-- Opening Marker --

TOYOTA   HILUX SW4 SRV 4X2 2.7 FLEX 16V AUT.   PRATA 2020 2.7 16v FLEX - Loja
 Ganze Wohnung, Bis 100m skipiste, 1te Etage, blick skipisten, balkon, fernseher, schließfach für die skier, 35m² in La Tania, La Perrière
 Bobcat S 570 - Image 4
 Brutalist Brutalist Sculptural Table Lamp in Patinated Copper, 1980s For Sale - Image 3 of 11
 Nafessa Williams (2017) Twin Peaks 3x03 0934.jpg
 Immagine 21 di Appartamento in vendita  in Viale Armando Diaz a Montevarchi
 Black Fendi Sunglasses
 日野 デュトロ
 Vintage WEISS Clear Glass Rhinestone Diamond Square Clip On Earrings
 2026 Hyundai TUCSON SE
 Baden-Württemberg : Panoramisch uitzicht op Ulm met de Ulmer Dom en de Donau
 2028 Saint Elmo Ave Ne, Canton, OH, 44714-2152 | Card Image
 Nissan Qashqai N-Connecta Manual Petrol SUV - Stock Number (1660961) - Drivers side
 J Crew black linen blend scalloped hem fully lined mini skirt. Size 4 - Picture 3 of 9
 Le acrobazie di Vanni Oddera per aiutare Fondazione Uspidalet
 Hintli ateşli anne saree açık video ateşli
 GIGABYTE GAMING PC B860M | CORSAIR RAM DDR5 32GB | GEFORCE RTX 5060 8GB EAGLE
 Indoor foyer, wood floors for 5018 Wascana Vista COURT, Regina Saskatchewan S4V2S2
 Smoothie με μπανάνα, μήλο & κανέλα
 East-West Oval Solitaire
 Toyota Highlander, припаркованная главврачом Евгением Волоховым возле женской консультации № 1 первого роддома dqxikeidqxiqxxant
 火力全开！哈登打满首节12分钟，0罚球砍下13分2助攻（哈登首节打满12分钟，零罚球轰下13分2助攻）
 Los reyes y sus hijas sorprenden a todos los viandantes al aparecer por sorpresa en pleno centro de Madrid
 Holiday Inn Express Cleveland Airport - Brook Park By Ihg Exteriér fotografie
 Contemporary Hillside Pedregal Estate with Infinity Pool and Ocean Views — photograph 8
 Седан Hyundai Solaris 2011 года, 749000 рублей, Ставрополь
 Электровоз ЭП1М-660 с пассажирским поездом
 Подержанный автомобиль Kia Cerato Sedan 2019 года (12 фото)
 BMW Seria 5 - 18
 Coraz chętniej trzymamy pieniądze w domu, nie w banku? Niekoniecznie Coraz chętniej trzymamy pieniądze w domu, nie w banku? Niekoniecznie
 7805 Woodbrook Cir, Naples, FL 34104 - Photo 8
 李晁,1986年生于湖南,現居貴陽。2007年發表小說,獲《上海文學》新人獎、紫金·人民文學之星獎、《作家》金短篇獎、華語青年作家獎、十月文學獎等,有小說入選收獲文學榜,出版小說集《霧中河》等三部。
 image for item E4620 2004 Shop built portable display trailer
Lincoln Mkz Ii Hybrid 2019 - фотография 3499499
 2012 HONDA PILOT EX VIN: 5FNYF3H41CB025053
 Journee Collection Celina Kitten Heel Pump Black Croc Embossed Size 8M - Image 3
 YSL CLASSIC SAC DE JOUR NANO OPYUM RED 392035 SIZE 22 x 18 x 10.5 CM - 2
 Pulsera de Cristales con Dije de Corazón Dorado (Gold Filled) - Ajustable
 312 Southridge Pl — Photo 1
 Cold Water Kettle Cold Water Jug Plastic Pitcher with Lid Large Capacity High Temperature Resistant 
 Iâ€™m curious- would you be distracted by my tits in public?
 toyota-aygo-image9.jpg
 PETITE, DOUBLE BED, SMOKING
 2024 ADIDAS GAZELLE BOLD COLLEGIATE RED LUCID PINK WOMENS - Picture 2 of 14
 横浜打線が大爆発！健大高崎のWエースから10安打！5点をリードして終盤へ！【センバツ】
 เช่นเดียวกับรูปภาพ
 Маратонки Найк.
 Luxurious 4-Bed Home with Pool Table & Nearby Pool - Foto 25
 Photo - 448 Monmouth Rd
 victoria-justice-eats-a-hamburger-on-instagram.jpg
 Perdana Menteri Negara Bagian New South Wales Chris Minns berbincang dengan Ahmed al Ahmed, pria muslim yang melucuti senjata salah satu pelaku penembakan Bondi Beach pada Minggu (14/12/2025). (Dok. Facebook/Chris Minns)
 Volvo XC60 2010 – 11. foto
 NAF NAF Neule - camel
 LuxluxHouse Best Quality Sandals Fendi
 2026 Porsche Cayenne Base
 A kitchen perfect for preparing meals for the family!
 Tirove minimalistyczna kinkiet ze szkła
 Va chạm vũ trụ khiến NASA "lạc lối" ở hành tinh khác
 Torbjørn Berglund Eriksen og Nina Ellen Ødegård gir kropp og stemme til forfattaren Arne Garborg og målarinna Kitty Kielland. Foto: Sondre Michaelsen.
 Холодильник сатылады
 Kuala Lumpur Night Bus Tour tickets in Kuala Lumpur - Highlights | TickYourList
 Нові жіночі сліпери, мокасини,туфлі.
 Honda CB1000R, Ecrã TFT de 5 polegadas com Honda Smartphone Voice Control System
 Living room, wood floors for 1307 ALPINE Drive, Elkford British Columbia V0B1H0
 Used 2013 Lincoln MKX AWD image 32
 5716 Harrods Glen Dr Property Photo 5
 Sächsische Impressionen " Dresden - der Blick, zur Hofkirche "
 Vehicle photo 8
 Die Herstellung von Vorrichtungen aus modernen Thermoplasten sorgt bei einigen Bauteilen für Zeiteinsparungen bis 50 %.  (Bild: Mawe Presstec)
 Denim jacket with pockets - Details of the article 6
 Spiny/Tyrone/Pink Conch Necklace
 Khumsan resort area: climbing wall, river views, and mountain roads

-- Closing Marker --

Task details: There is a line with "Седан Hyundai Solaris" and a line with "YSL CLASSIC SAC" above. Copy exactly those two lines and all lines between them, with nothing else.

Task solution:
 Седан Hyundai Solaris 2011 года, 749000 рублей, Ставрополь
 Электровоз ЭП1М-660 с пассажирским поездом
 Подержанный автомобиль Kia Cerato Sedan 2019 года (12 фото)
 BMW Seria 5 - 18
 Coraz chętniej trzymamy pieniądze w domu, nie w banku? Niekoniecznie Coraz chętniej trzymamy pieniądze w domu, nie w banku? Niekoniecznie
 7805 Woodbrook Cir, Naples, FL 34104 - Photo 8
 李晁,1986年生于湖南,現居貴陽。2007年發表小說,獲《上海文學》新人獎、紫金·人民文學之星獎、《作家》金短篇獎、華語青年作家獎、十月文學獎等,有小說入選收獲文學榜,出版小說集《霧中河》等三部。
 image for item E4620 2004 Shop built portable display trailer
Lincoln Mkz Ii Hybrid 2019 - фотография 3499499
 2012 HONDA PILOT EX VIN: 5FNYF3H41CB025053
 Journee Collection Celina Kitten Heel Pump Black Croc Embossed Size 8M - Image 3
 YSL CLASSIC SAC DE JOUR NANO OPYUM RED 392035 SIZE 22 x 18 x 10.5 CM - 2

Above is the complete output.